Task goal: For this task, copy all of the data below exactly and skip the pictures.

Supplied data:

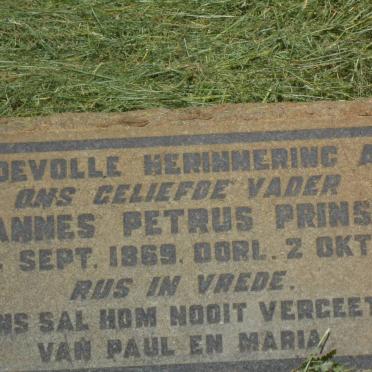 PRINSLOO Hannes Petrus 1869-1925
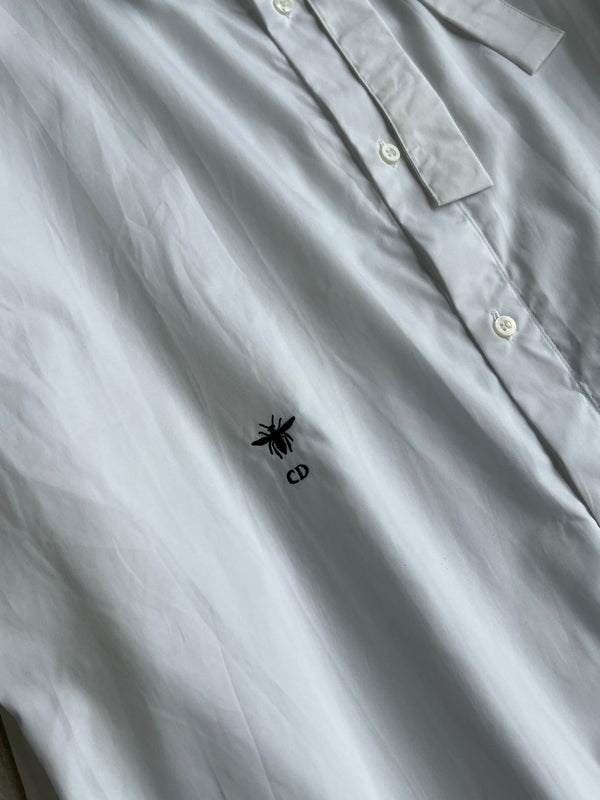 Dior 26SS Shirt with Bow White in Cotton 360067
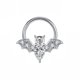 thumbnail image 1 of Halloween Punk Body Piercing Nariz Joyería 16G Espaciador Damas Hombres Acero inoxidable 316L Cirugía Pezón Anillos Lindo Murciélago Halloween Nariz Anillos Bisagra sin costuras Segmento Clicker Pend JAMW Sencillez, 1 of 5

Task solution:
 PRINSLOO Hannes Petrus 1869-1925
 Dior 26SS Shirt with Bow White in Cotton 360067
 thumbnail image 1 of Halloween Punk Body Piercing Nariz Joyería 16G Espaciador Damas Hombres Acero inoxidable 316L Cirugía Pezón Anillos Lindo Murciélago Halloween Nariz Anillos Bisagra sin costuras Segmento Clicker Pend JAMW Sencillez, 1 of 5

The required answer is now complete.